Restate each entry exactly, without pictures.

EXCERPTED DATA:
-----
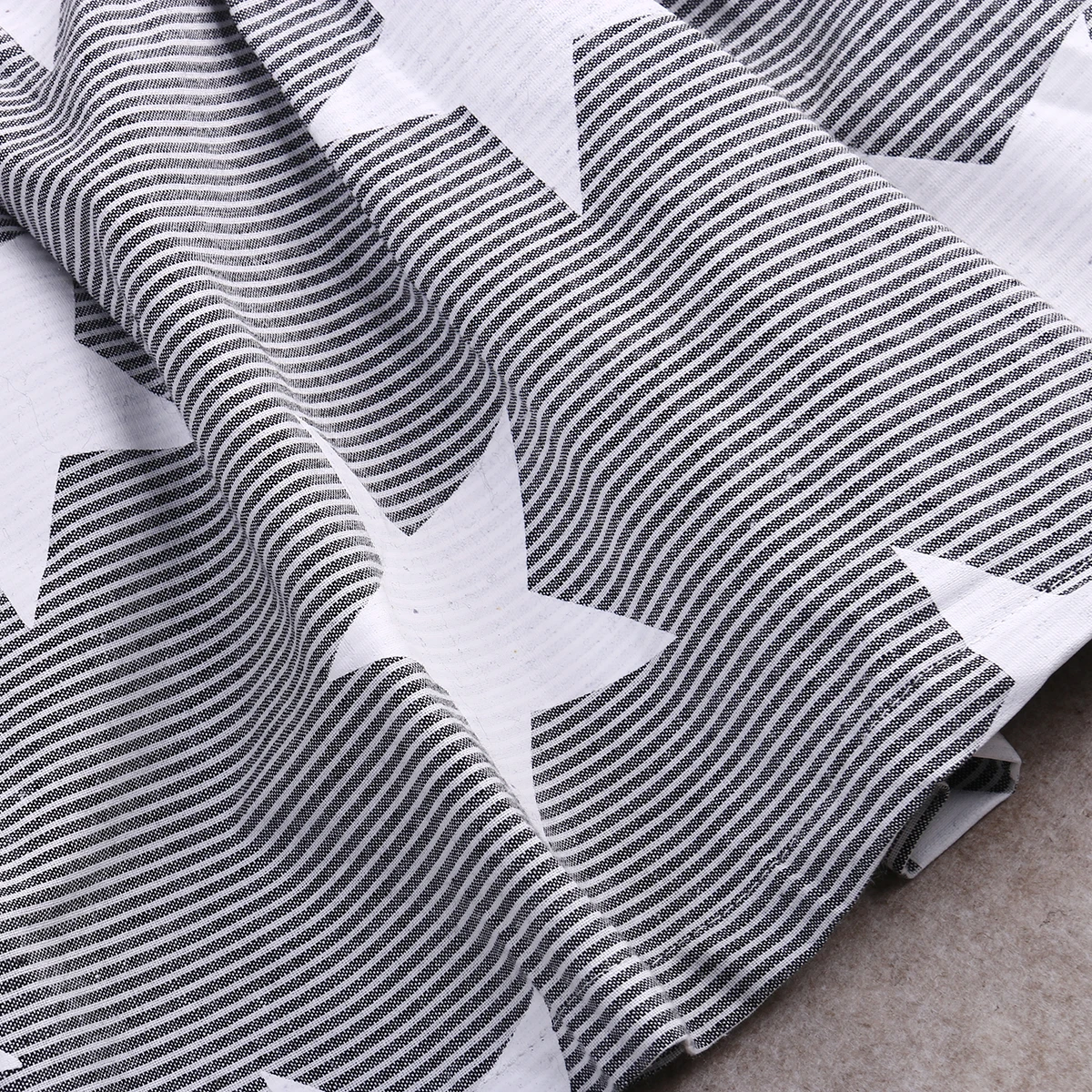 Детское платье без рукавов с открытой спиной и лямкой на шее вечерние платья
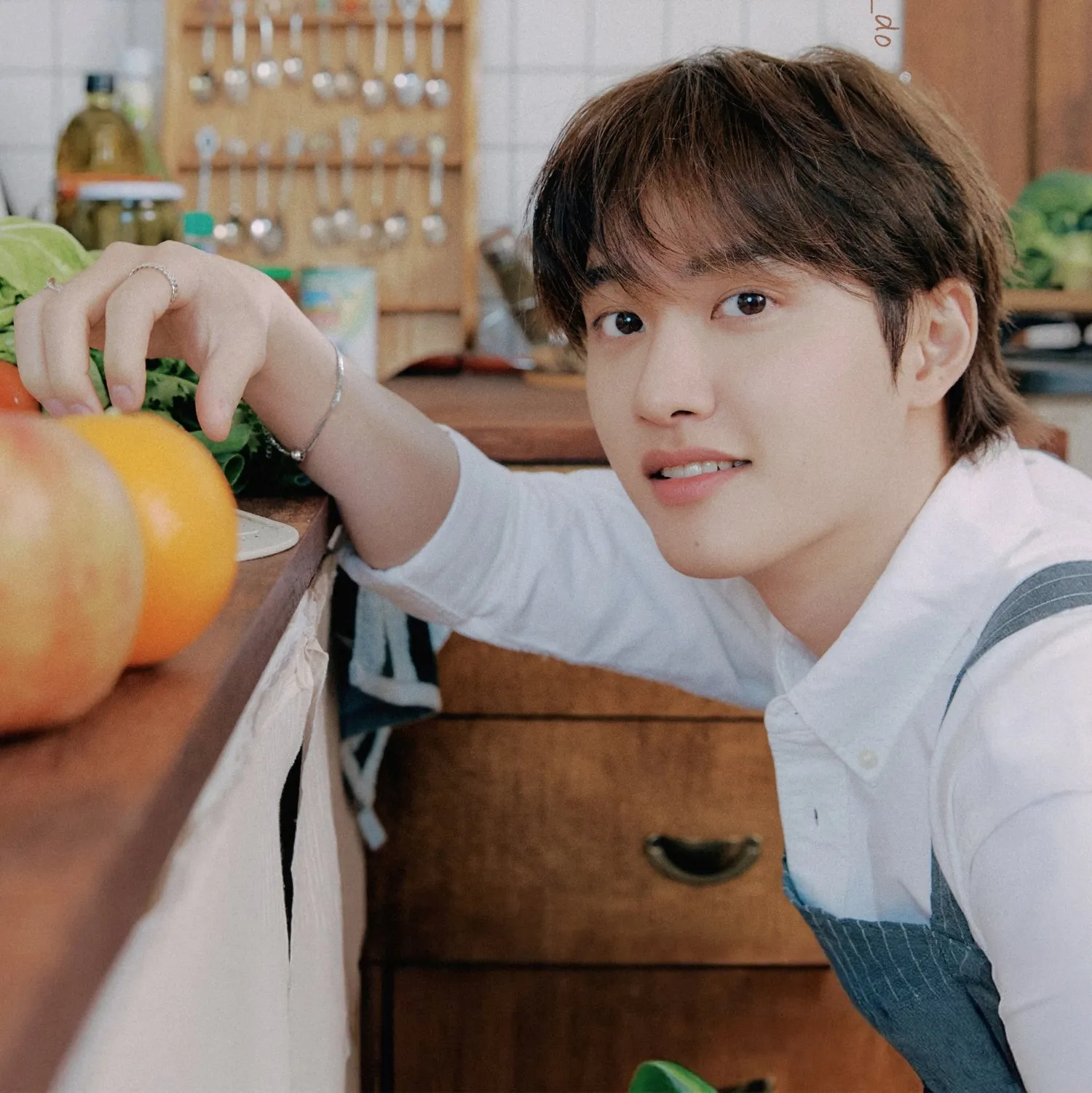 Momen yang diabadikan oleh penggemar D.O. (EXO)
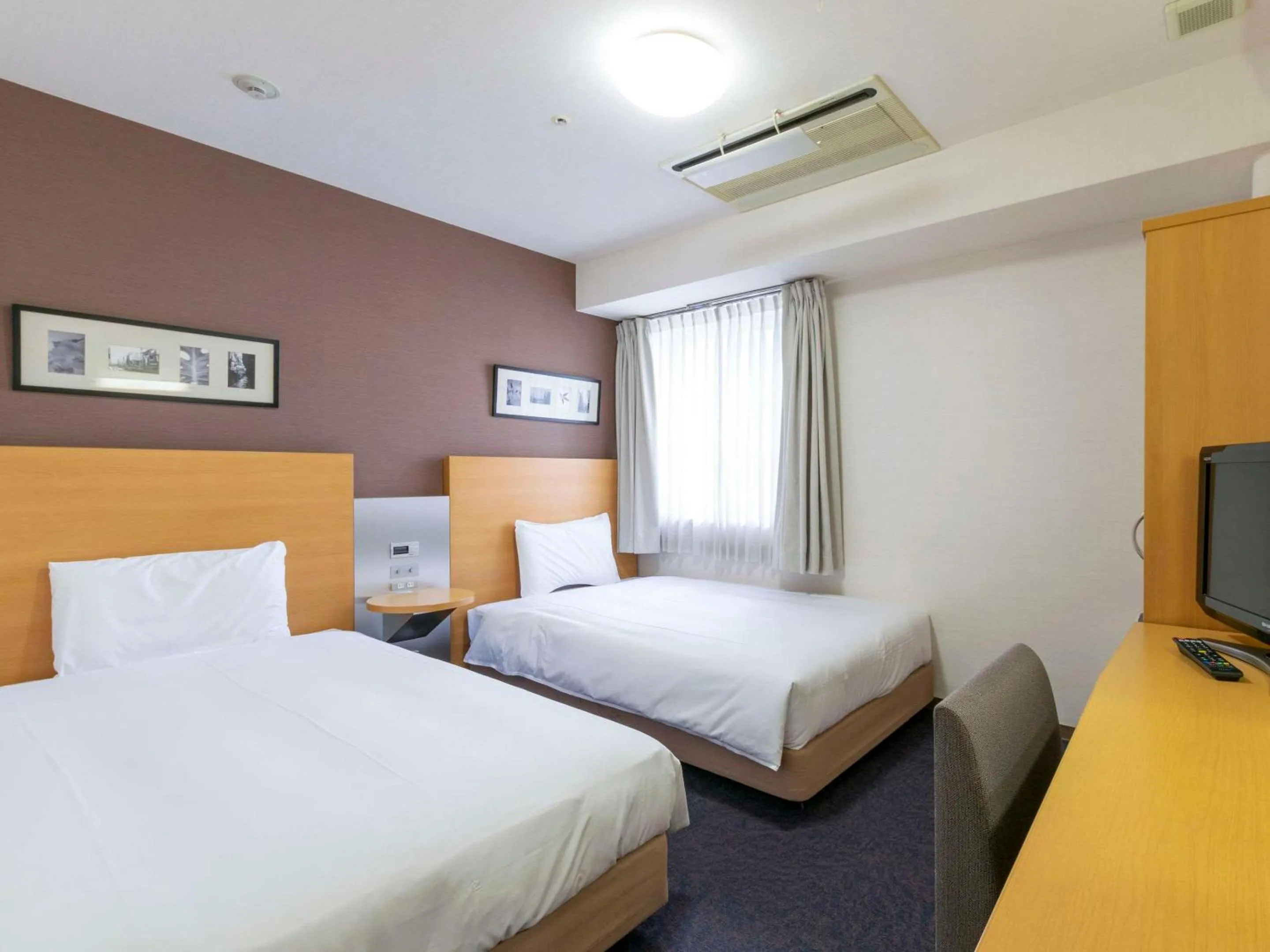 Economy Twin Room - Non-Smoking in Comfort Hotel Osaka Shinsaibashi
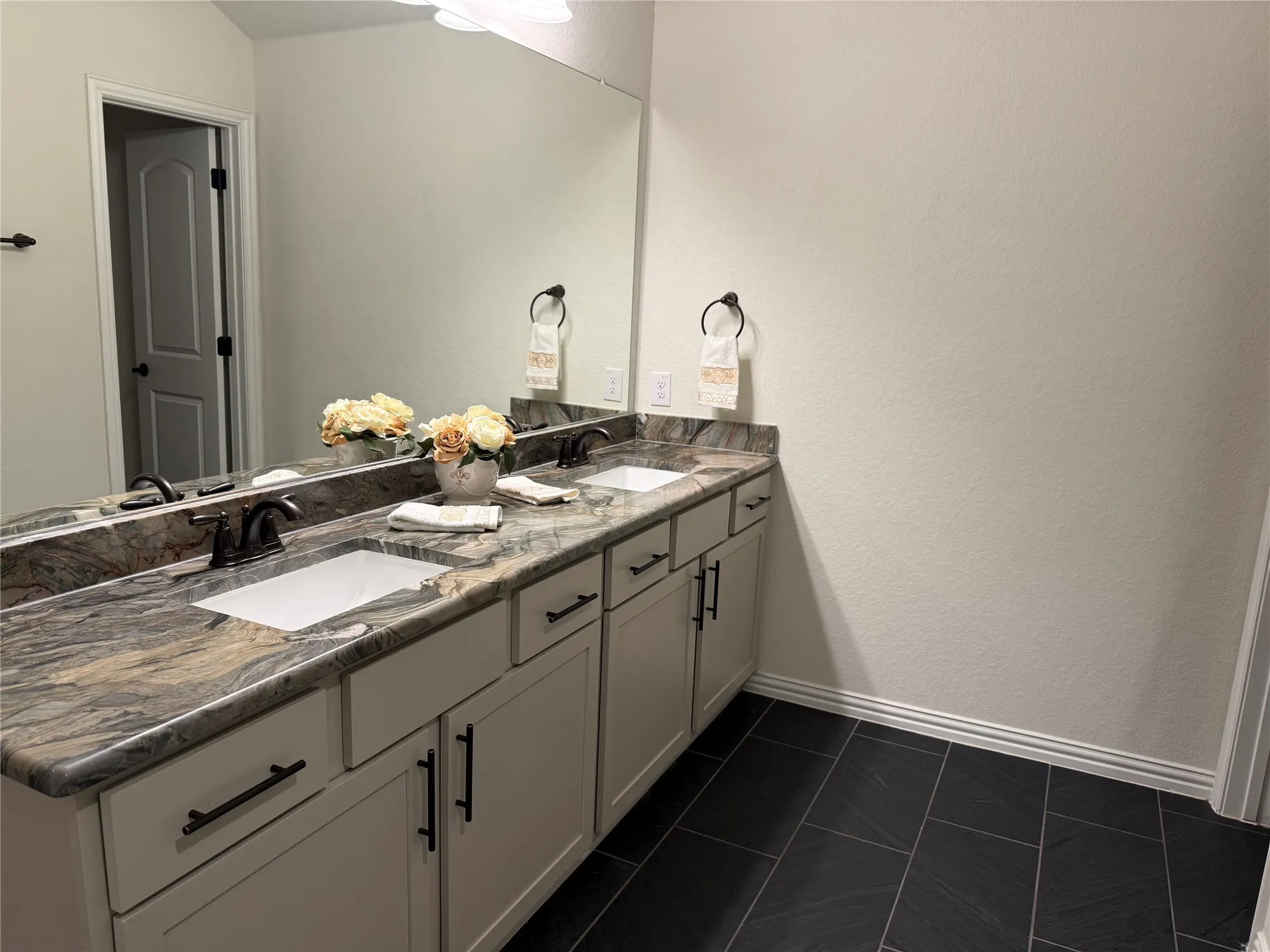 Property Slideshow image 24 of 50 | 649 jaboncillo st, New Braunfels, TX, 78132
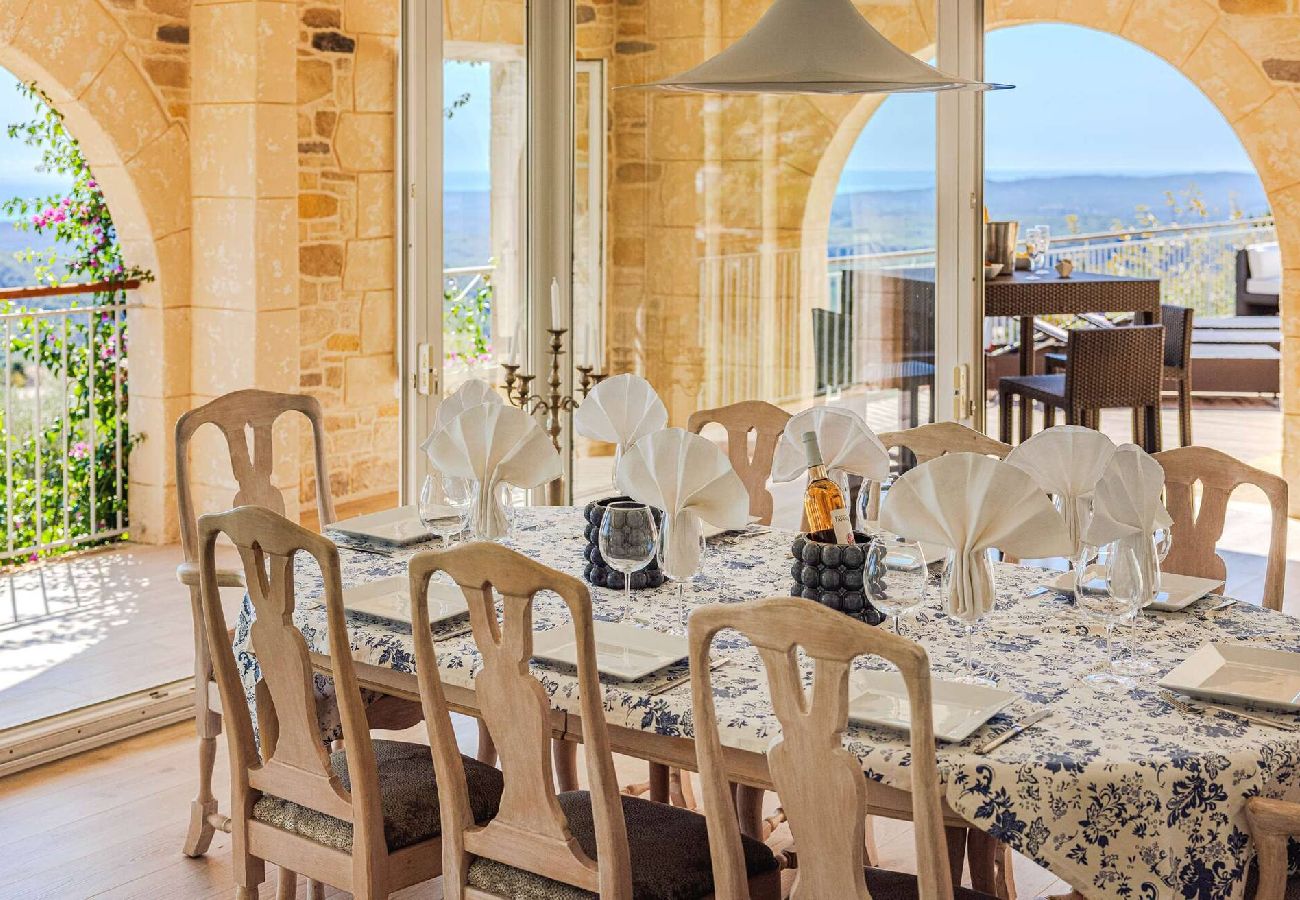 Maison à Tourrettes-sur-Loup - LE MAS D´AZUR
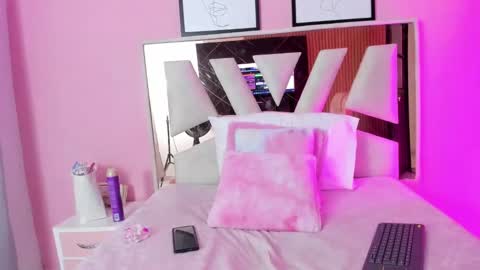 ADHARA online show from 11-19-25, 01:22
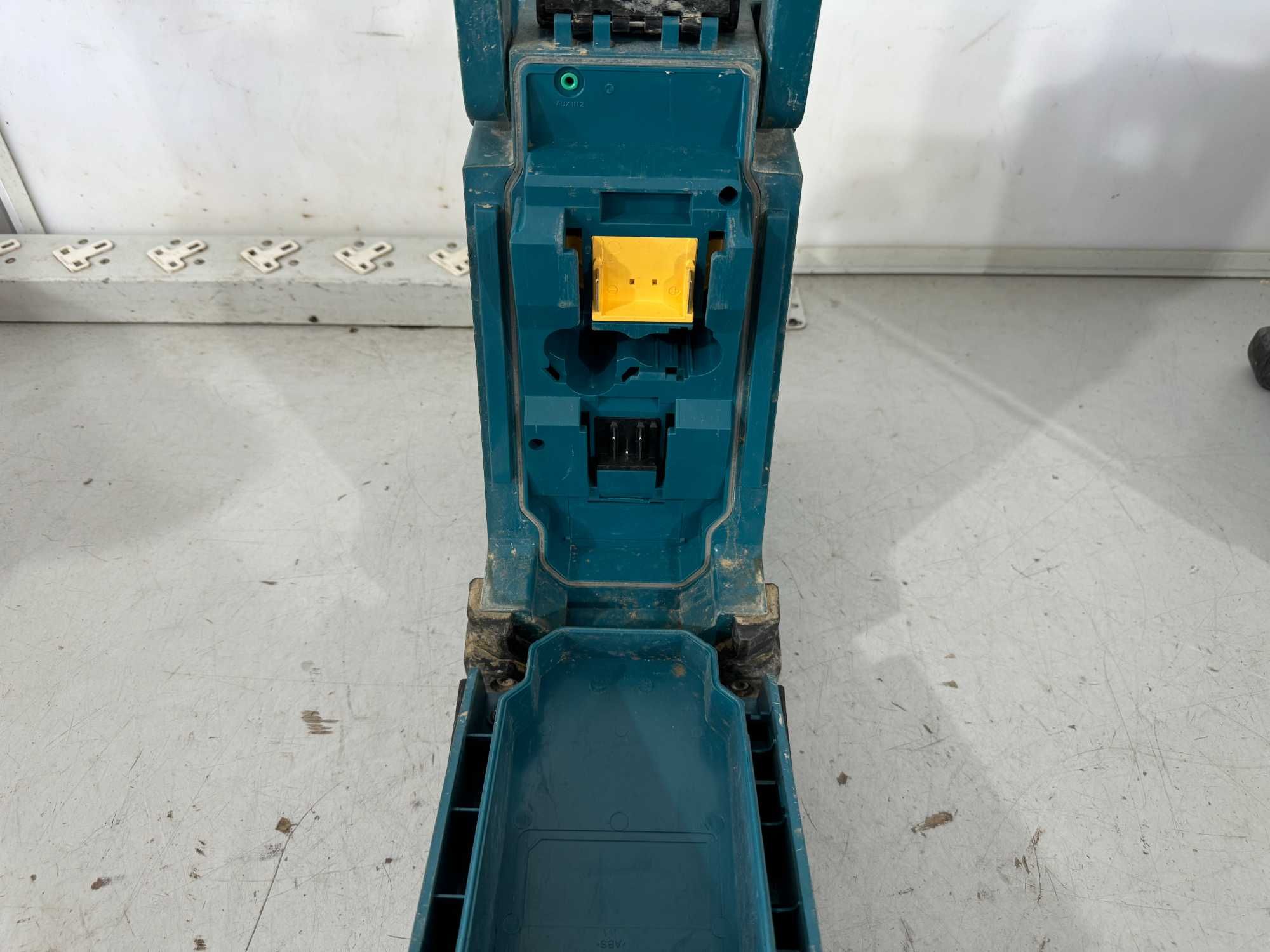 Радио - Makita XRM05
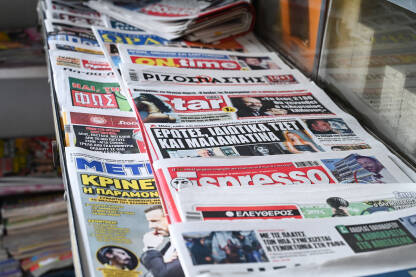 Dnevne i sedmična novine na kiosku. Časopisi izloženi u trgovini. Kiosk s novinama u Grčkoj.  Grčka štampa.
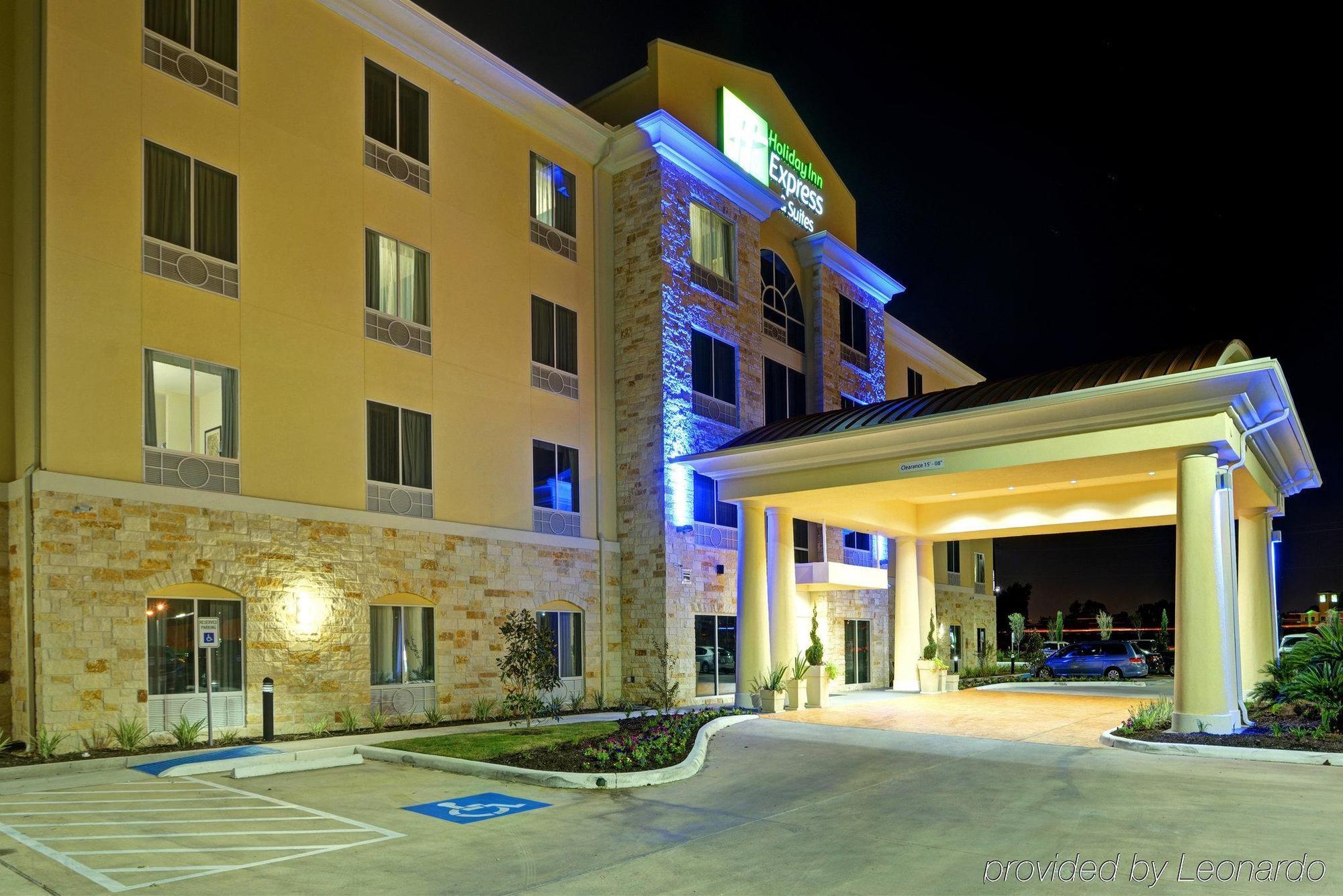 Holiday Inn Express & Suites Houston Northwest-Brookhollow By Ihg Ngoại thất bức ảnh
-----
RESULT FOR THIS EXERCISE:
 Детское платье без рукавов с открытой спиной и лямкой на шее вечерние платья
 Momen yang diabadikan oleh penggemar D.O. (EXO)
 Economy Twin Room - Non-Smoking in Comfort Hotel Osaka Shinsaibashi
 Property Slideshow image 24 of 50 | 649 jaboncillo st, New Braunfels, TX, 78132
 Maison à Tourrettes-sur-Loup - LE MAS D´AZUR
 ADHARA online show from 11-19-25, 01:22
 Радио - Makita XRM05
 Dnevne i sedmična novine na kiosku. Časopisi izloženi u trgovini. Kiosk s novinama u Grčkoj.  Grčka štampa.
 Holiday Inn Express & Suites Houston Northwest-Brookhollow By Ihg Ngoại thất bức ảnh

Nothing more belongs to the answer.